Dans le domaine matériel, le mystique est un parasite qui exproprie les gens des richesses qu’ils ont créées ; de même, dans le domaine spirituel, le mystique pille les idées créées par les autres. Il se ravale ainsi en dessous du rang de l’aliéné qui projette sa propre déformation de la réalité, en devenant un parasite de l’aliénation qui se nourrit de la distorsion imaginée par d‚autres.

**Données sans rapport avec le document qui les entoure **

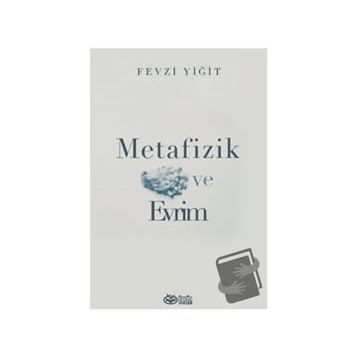 Metafizik ve Evrim - Fevzi Yiğit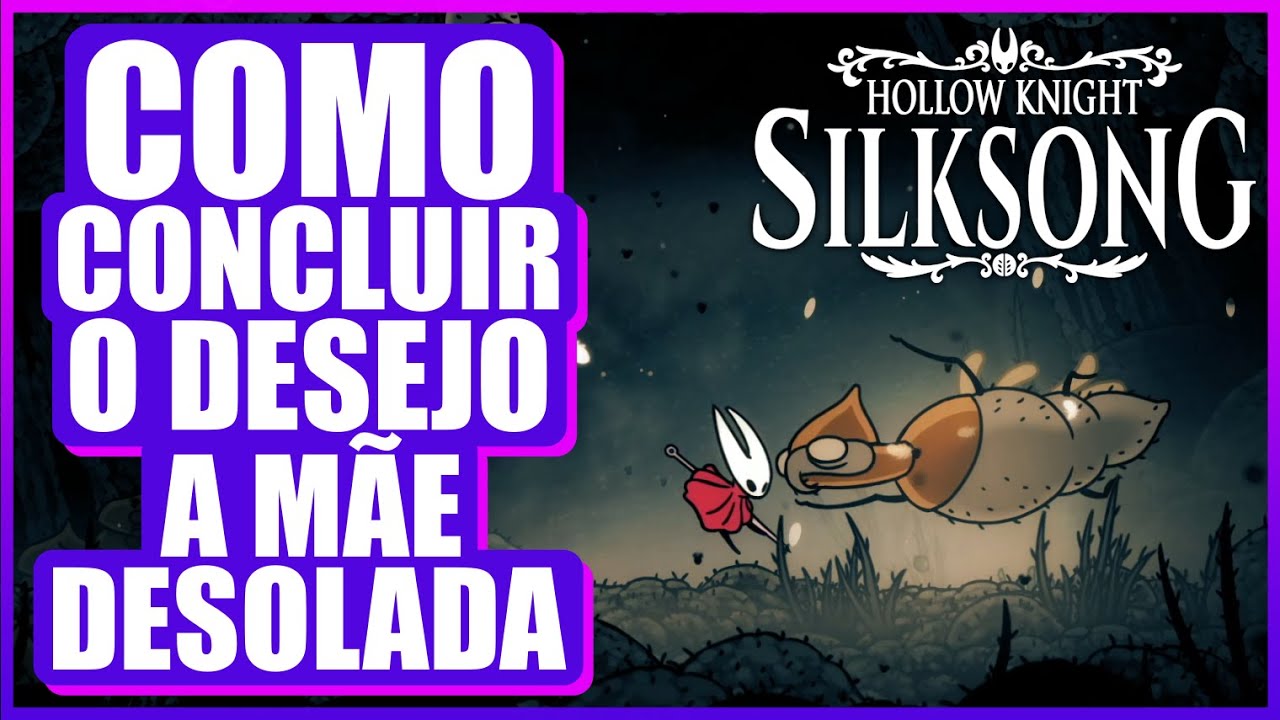 🪰Hollow Knight Silksong – Como Concluir o Desejo: A Mãe Desolada - YouTube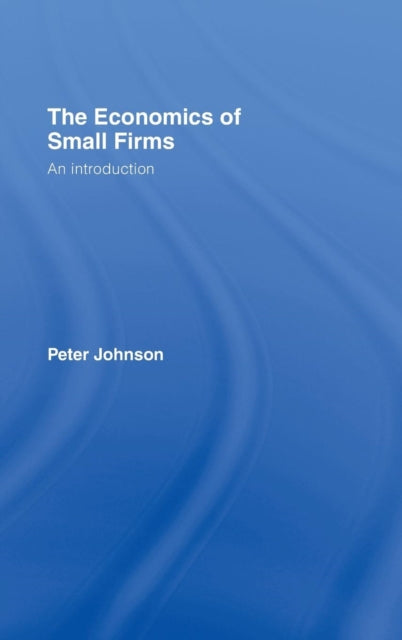 Book cover of: Economics of Small Firms. By: Johnson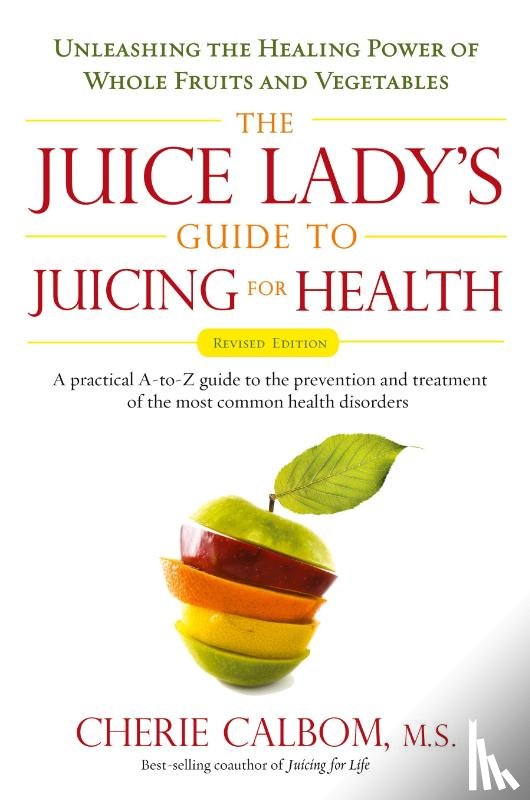 Calbom, Cherie - Juice Lady's Guide to Juicing for Health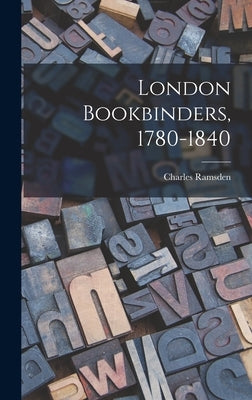 London Bookbinders, 1780-1840 by Ramsden, Charles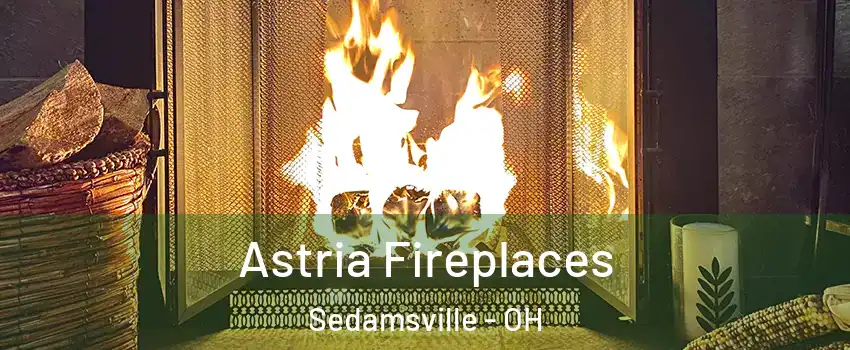 Astria Fireplaces Sedamsville - OH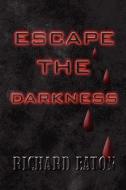 Escape The Darkness di Professor of History Richard Eaton edito da America Star Books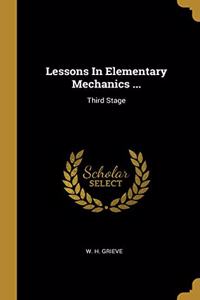 Lessons In Elementary Mechanics ...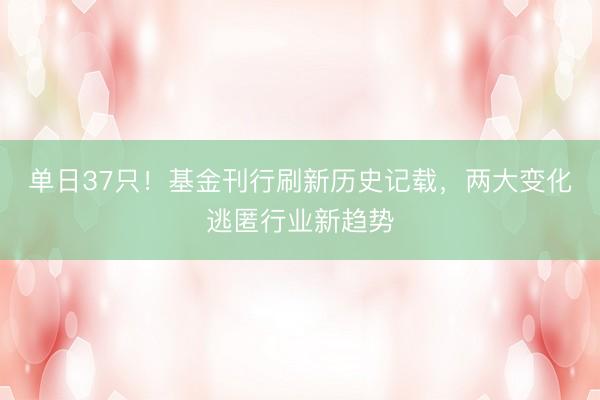 单日37只！基金刊行刷新历史记载，两大变化逃匿行业新趋势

Il n’y a qu’un état qui satisfasse les désirs d’infini, de non causalité et de non identité du mystique : la mort. Peu importe la source inintelligible de ses sentiments incommunicables: quiconque rejette la réalité rejette l’existence; et les sentiments qui l’animent sont une haine contre toutes les valeurs qui constituent la vie humaine, et un désir avide de tout ce qui la détruit. Un mystique se délecte du spectacle de la souffrance, de la pauvreté, du servage et de la terreur. Tout cela lui procure une sensation de triomphe, la certitude qu’il a vaincu la réalité rationnelle. Mais il n’existe aucune autre réalité.Peu importe quel bien-être il prétend servir, que ce soit celui de Dieu ou de ce monstre informe qu’il appelle Le Peuple, peu importe à quelle dimension surnaturelle il se réfère : dans les faits, sur terre, son idéal concret est la mort, son désir est de tuer, sa seule satisfaction est de faire souffrir.

La foi des mystiques n’a jamais abouti à rien d’autre qu’à la destruction, comme vous pouvez le constater autour de vous une fois de plus. Et si les ravages occasionnés par leurs actes ne les ont pas incités à s’interroger sur leurs doctrines, s’ils prétendent être animés par l’amour alors qu‚ils empilent des montagnes de cadavres, c’est parce que la vérité de leurs intentions est encore pire que l’excuse obscène que vous leur trouvez, selon laquelle ces horreurs sont au service de nobles fins. La vérité est que ces horreurs sont leurs fins.

Vous qui êtes assez égarés pour croire que vous pourriez vous accommoder d’un dictateur mystique, que vous pourriez lui agréer en obéissant à ses ordres, sachez qu’il n’y a pas moyen de le satisfaire ; si vous obéissez, il inversera ses ordres ; il cherche l’obéissance pour l’obéissance et la destruction pour la destruction. Vous qui êtes assez poltrons pour croire que vous pouvez vous entendre avec un mystique en offrant vos biens à sa rapacité, sachez qu’il n‚y a pas moyen de le corrompre car le pot-de-vin qu’il veut, c’est votre vie, aussi rapidement que vous serez disposés à la lui donner ; et que le monstre qu’il cherche lui-même à soudoyer est ce néant enfoui dans son âme, qui le pousse à tuer pour lui éviter d’apprendre que la mort qu’il désire est la sienne.